Dividend Restrictions
Dividends to the HFSG Holding Company from its insurance subsidiaries are restricted by insurance regulation. The payment of dividends by Connecticut-domiciled insurers is limited under the insurance holding company laws of Connecticut. These laws require notice to and approval by the state insurance commissioner for the declaration or payment of any dividend, which, together with other dividends or distributions made within the preceding twelve months, exceeds the greater of (i) 10% of the insurer’s policyholder surplus as of December 31 of the preceding year or (ii) net income (or net gain from operations, if such company is a life insurance company) for the twelve-month
period ending on the thirty-first day of December last preceding, in each case determined under statutory insurance accounting principles. In addition, if any dividend of a Connecticut-domiciled insurer exceeds the insurer’s earned surplus, it requires the prior approval of the Connecticut Insurance Commissioner.
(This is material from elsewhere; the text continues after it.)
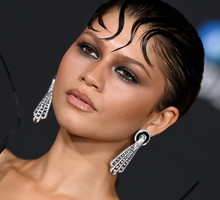 Zendaya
The insurance holding company laws of the other jurisdictions in which The Hartford’s insurance subsidiaries are incorporated (or deemed commercially domiciled) generally contain similar (although in certain instances more restrictive) limitations on the payment of dividends. In addition to statutory limitations on paying dividends, the Company also takes other items into consideration when determining dividends from subsidiaries. These considerations include, but are not limited to, expected earnings and capitalization of the subsidiaries, regulatory capital requirements and liquidity requirements of the individual operating company.
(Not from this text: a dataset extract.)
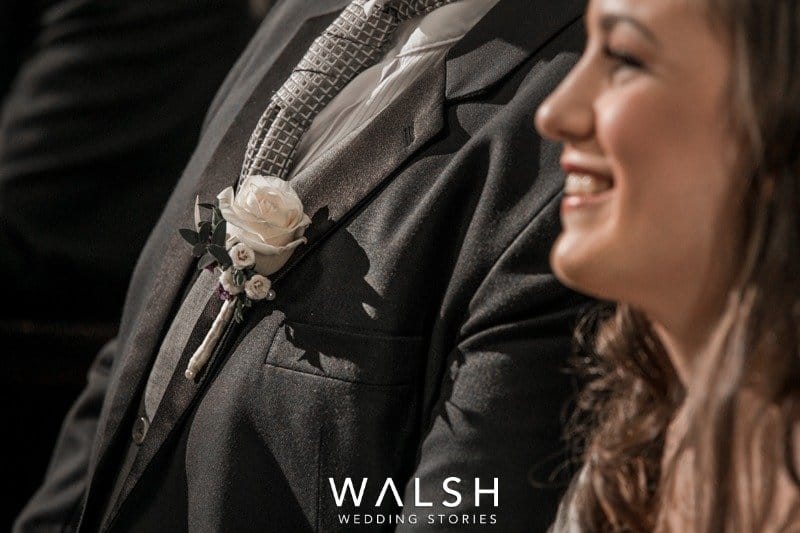 wedding photographer in guatemala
Total dividends paid by P&C subsidiaries to HFSG holding company in 2018 were $3.1 billion. This includes extraordinary dividends of $3.0 billion, comprised of a $1.9 billion principal paydown on the intercompany note owed by Hartford Holdings, Inc. ("HHI") to Hartford Fire Insurance Company related to the life and annuity business sold in May 2018, $226 related to interest payments on the note and $900 to fund near-term obligations of the HFSG holding company. In addition, there was $50 of ordinary P&C dividends that were paid to HFSG holding company, and $110 of capital contributed by the HFSG holding company to a run-off P&C subsidiary. Excluding the interest payments on the intercompany note and dividends that were subsequently contributed to a P&C subsidiary, net dividends paid by P&C subsidiaries to HFSG holding company were $2.8 billion during 2018.
Total net dividends received by HFSG holding company in 2018 were $2.9 billion, including the $2.8 billion from P&C subsidiaries and $119 from Hartford Funds during the year. There were no dividends received from Hartford Life and Accident in 2018.
Under the formula described above, in 2019, the Company’s property and casualty insurance subsidiaries are permitted to pay up to a maximum of approximately $1.2 billion in dividends to HFSG Holding Company without prior approval from the applicable insurance commissioner, though only $200 of this dividend capacity could be paid before the fourth quarter of 2019. In 2019, HFSG Holding Company does not anticipate receiving net dividends from its property and casualty insurance subsidiaries, as planned 2019 dividends were received in the fourth quarter 2018. The HFSG Holding Company generally expects to receive net dividends of $850 to $900 a year from its property and casualty insurance subsidiaries subject to the profitability of those subsidiaries and their capital needs.
Hartford Life and Accident Insurance Company ("HLA") has $380 dividend capacity for 2019 and anticipates paying $250 to $300 dividends in 2019.
There are no current restrictions on the HFSG Holding Company's ability to pay dividends to its stockholders.
Restricted Net Assets
The Company's insurance subsidiaries had net assets of $10.1 billion, determined in accordance with U.S. GAAP, that were restricted from payment to the HFSG Holding Company, without prior regulatory approval at December 31, 2018.